- Location: South Australia
- Nearest city: Tumby Bay
- Coordinates: 34°24′33″S 136°8′25″E﻿ / ﻿34.40917°S 136.14028°E
- Area: 48 ha (120 acres)
- Established: 9 January 1969
- Governing body: Department for Environment and Water

= Tumby Island Conservation Park =

Protected area in South Australia

Tumby Island Conservation Park is a protected area in the Australian state of South Australia associated with Tumby Island in Spencer Gulf and located about 5 km southeast of the town of Tumby Bay.
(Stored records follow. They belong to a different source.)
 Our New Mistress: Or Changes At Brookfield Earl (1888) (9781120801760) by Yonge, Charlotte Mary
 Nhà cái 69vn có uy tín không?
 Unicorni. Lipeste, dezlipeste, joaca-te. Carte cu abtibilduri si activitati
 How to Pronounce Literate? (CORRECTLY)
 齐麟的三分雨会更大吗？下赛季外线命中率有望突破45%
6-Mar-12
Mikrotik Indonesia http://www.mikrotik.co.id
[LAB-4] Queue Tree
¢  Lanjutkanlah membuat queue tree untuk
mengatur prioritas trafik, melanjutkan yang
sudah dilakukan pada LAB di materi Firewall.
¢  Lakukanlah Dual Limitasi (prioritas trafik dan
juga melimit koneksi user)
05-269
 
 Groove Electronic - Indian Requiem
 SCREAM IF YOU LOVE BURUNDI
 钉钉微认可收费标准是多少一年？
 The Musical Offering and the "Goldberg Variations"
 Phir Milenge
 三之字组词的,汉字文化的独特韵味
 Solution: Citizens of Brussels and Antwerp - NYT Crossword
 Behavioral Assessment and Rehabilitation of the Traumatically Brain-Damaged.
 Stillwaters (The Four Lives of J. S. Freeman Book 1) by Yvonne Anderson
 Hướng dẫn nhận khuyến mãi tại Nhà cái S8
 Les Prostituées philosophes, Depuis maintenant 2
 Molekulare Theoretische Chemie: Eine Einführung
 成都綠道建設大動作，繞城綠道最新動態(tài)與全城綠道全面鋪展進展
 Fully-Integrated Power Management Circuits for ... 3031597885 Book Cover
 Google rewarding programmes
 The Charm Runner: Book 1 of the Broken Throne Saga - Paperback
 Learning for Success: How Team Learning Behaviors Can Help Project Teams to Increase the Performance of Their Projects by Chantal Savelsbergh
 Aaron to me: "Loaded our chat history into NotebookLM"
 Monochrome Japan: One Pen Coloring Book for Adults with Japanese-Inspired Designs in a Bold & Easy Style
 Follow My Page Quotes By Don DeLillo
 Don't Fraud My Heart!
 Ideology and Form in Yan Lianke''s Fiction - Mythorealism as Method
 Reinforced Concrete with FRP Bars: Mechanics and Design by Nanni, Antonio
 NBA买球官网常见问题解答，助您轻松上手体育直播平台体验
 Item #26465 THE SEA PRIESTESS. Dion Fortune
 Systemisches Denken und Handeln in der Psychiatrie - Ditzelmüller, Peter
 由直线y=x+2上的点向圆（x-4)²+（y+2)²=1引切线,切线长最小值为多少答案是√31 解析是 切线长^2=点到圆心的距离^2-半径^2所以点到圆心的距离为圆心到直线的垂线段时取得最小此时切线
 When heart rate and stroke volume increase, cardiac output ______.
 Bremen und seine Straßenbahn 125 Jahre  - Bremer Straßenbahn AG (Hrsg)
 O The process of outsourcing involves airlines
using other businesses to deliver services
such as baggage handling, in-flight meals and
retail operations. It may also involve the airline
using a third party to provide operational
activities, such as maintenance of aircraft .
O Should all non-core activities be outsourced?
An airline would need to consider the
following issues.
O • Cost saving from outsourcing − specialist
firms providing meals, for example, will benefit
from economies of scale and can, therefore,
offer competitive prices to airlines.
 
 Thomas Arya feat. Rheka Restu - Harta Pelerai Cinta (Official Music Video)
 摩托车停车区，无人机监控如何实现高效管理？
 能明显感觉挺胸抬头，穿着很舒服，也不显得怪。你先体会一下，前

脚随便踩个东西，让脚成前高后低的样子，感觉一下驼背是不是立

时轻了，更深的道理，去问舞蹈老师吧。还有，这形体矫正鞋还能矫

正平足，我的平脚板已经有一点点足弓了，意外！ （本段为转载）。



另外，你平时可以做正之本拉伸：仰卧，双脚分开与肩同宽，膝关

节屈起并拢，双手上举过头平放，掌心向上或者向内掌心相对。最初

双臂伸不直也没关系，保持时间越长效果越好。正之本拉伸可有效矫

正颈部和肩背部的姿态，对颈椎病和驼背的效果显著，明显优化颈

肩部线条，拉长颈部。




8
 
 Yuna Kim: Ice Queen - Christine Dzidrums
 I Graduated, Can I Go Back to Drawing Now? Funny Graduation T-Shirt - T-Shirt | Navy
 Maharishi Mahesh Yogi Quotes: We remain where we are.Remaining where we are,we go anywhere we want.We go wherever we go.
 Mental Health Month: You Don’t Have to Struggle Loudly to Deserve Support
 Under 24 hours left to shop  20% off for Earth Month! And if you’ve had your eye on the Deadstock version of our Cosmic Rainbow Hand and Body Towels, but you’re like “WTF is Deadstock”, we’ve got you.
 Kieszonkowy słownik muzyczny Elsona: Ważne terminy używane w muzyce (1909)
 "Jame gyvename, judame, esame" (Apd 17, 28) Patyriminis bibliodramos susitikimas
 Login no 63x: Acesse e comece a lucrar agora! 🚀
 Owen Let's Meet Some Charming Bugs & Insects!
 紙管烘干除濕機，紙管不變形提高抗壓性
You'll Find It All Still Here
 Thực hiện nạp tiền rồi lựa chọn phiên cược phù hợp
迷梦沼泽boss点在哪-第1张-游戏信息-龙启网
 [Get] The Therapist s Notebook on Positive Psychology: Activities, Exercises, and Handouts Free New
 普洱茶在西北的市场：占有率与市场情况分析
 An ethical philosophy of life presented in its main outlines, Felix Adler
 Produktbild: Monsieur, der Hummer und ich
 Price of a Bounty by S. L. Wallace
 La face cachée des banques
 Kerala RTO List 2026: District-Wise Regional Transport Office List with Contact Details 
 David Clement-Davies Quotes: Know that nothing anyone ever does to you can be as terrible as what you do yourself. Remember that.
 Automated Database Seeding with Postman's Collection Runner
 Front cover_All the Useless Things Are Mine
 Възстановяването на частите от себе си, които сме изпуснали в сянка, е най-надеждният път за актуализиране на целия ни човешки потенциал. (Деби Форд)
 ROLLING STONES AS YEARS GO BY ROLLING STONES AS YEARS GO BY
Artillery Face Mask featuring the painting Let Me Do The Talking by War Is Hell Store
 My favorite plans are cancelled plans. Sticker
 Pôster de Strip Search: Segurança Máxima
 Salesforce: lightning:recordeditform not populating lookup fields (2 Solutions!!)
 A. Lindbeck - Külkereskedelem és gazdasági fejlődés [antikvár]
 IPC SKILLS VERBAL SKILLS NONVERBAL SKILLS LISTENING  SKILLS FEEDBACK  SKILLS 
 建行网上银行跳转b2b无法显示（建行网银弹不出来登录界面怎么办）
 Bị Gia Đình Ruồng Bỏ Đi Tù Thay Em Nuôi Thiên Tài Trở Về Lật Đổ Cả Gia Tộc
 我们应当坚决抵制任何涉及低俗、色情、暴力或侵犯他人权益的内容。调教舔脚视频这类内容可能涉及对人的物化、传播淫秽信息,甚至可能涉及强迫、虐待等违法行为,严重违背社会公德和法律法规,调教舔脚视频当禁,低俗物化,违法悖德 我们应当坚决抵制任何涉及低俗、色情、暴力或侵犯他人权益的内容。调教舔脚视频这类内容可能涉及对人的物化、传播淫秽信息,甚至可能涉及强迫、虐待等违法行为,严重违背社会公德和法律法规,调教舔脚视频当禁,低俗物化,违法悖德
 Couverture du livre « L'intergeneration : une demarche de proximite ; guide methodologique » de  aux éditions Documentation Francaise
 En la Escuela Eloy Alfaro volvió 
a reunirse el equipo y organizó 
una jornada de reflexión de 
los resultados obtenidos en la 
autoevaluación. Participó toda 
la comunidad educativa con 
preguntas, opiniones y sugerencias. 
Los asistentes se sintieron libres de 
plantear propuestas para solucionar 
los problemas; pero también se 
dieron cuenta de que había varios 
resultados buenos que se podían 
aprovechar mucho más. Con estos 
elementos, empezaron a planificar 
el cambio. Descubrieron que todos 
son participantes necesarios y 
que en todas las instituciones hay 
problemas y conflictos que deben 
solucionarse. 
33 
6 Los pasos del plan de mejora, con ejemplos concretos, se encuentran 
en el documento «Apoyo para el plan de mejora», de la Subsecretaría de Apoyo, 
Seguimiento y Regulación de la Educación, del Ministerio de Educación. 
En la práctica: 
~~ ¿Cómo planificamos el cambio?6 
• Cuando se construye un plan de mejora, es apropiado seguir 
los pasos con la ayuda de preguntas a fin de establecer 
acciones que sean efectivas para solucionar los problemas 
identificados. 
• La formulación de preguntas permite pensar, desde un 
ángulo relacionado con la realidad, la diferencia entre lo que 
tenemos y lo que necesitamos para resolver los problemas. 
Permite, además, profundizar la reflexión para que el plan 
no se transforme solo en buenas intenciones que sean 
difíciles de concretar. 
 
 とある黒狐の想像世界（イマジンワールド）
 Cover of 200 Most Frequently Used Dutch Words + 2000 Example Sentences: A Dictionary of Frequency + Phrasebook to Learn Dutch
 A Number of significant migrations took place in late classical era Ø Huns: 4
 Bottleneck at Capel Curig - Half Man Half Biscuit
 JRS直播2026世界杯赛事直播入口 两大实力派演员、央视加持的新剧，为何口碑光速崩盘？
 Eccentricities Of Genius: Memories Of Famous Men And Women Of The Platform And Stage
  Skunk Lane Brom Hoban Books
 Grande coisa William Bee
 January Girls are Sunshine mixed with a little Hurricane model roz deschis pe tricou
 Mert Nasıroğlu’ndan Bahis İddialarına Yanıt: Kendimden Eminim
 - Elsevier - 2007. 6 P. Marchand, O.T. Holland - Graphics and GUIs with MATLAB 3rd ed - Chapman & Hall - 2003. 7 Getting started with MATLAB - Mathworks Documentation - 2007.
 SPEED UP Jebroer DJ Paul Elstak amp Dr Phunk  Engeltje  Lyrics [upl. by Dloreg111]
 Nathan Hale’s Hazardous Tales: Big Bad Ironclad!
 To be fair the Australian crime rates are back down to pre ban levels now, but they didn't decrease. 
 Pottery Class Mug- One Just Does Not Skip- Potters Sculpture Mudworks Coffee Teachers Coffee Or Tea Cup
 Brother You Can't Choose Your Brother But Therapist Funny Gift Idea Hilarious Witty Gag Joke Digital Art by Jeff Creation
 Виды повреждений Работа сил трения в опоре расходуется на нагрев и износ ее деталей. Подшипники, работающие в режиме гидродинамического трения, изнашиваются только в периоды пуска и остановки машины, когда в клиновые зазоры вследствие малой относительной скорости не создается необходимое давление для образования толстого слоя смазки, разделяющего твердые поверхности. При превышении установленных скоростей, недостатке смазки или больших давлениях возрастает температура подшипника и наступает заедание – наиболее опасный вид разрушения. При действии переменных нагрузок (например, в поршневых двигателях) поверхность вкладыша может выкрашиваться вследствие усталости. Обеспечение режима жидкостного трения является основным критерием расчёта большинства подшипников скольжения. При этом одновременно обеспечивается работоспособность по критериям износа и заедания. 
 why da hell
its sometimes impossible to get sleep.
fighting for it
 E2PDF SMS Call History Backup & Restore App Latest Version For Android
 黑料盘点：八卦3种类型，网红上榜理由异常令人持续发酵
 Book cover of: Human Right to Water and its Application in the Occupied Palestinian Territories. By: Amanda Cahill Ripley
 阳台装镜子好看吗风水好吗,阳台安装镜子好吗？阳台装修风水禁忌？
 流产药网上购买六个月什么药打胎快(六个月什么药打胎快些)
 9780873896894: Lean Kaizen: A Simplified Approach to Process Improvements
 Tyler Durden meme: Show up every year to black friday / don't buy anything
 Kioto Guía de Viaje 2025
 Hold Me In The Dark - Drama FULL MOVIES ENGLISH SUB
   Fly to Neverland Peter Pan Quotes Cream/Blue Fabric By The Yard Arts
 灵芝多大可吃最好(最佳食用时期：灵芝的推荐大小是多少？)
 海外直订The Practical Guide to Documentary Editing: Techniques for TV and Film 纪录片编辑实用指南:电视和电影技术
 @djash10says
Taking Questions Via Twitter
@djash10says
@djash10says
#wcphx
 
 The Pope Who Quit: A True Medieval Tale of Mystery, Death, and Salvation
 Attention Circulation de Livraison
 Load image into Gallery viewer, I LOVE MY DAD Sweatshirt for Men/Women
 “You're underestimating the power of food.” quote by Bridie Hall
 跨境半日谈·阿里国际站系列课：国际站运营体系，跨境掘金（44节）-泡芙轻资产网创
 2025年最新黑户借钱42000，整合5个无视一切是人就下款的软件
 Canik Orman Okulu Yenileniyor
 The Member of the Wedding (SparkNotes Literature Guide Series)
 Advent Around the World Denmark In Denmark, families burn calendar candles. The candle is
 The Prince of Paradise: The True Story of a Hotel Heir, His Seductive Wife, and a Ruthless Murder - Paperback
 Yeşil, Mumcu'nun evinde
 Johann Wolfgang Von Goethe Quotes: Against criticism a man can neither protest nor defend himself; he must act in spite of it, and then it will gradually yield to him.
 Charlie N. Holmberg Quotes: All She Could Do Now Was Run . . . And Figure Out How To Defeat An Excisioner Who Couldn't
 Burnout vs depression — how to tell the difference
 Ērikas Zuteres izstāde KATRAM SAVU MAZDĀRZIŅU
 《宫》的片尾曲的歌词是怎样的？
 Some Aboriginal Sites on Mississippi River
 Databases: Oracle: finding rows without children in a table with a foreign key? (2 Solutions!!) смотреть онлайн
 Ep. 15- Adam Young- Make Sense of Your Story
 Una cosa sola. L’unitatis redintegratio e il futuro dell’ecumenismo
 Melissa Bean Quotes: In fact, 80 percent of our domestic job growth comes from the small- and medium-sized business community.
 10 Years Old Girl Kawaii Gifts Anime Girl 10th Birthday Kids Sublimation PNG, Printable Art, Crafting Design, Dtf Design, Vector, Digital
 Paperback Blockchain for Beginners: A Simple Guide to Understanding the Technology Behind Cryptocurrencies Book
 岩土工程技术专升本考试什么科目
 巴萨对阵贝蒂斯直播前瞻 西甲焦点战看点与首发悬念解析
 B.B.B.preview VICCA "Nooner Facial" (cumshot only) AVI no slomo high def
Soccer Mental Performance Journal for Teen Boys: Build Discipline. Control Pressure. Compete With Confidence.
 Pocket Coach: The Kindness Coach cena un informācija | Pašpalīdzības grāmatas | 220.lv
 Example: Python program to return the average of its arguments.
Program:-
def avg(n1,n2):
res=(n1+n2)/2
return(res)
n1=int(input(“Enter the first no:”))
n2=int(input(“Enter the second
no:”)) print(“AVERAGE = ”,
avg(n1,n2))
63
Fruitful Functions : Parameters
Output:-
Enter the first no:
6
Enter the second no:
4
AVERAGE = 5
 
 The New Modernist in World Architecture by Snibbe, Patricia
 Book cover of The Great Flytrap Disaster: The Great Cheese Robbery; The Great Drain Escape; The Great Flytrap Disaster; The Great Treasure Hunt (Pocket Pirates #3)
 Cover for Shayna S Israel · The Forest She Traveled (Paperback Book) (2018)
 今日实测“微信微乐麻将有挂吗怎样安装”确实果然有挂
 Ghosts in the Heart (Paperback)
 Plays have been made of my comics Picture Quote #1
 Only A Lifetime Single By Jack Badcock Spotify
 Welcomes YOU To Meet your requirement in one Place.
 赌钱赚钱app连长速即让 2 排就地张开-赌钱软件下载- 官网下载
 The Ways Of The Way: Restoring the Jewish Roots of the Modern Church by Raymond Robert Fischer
The conservation park consists of land described as "section 682, north out of hundreds, county of Flinders", being the entirety of Tumby Island. The land first acquired protected area status as a fauna conservation reserve declared on 9 January 1969 under the Fauna Conservation Act 1964-1965. On 27 April 1972, the fauna conservation reserve was reconstituted as the Tumby Island Conservation Park under the National Parks and Wildlife Act 1972. On 19 December 1991, additional land was added to the conservation park to extend protection over land located between high tide and low tide. As of 2018, it covered an area of 48 ha.

The area under protection is considered significant for the following reason: "a small island providing feeding and roosting habitat for seabirds".

The conservation park is classified as an IUCN Category Ia protected area. In 1980, it was listed on the now-defunct Register of the National Estate.